You can check that by inserting:
cout << "eof/fail=" << cin.eof() << '/' << cin.fail() << '\n';
immediately before and after the seekg
. For file sizes of 8, 9, and 10 respectively, you get:
eof/fail=1/1
eof/fail=0/1
eof/fail=0/0
eof/fail=0/0
12345678
eof/fail=0/0
eof/fail=0/0
123456789
You can see the first failure results in no output because the fail
bit is still set. The second and third have output because it was never set (the output is the characters shown plus one newline).

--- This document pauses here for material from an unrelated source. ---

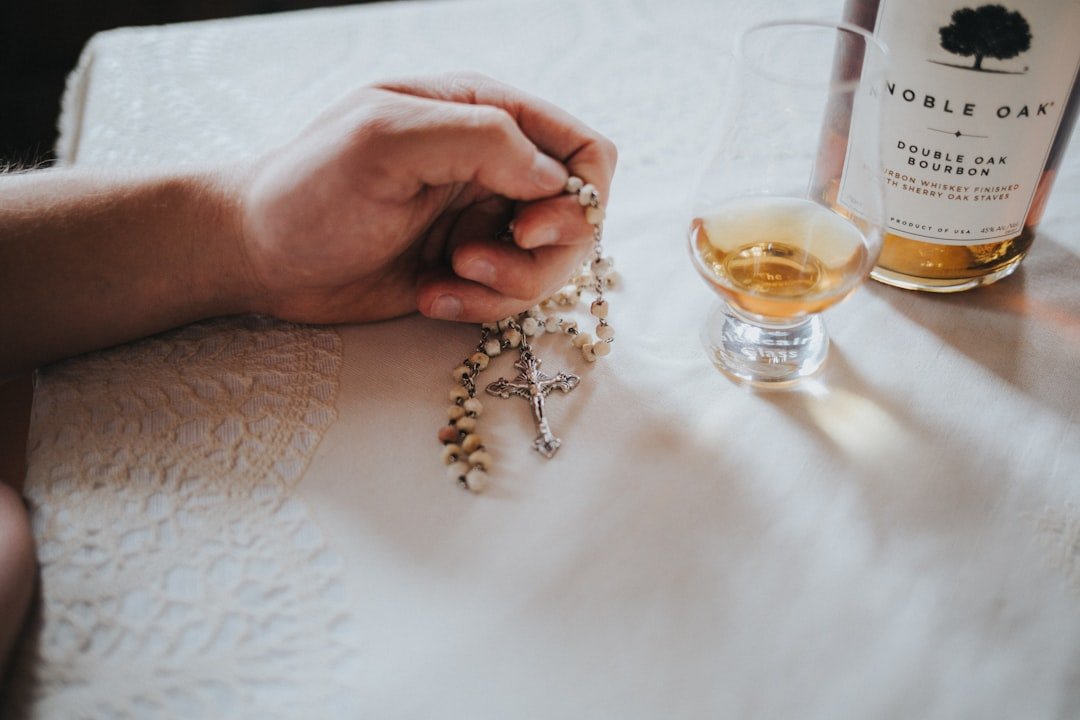 Featured perfume collection display with elegant glass bottles and golden accents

To repair this, you can clear the fail
bit simply by inserting the following before your seekg
:
std::cin.clear();
Then running that code on the eight-character file gives:
eof/fail=1/1
eof/fail=0/0
1234567
showing that the clear
has indeed cleared the fail
bit.
You might also want to keep in mind that it's not a requirement for a stream to be seekable, especially if it's just coming in via standard input. You may find for certain sized files that you cannot seek back an arbitrary amount if you've read through a large chunk of the stream.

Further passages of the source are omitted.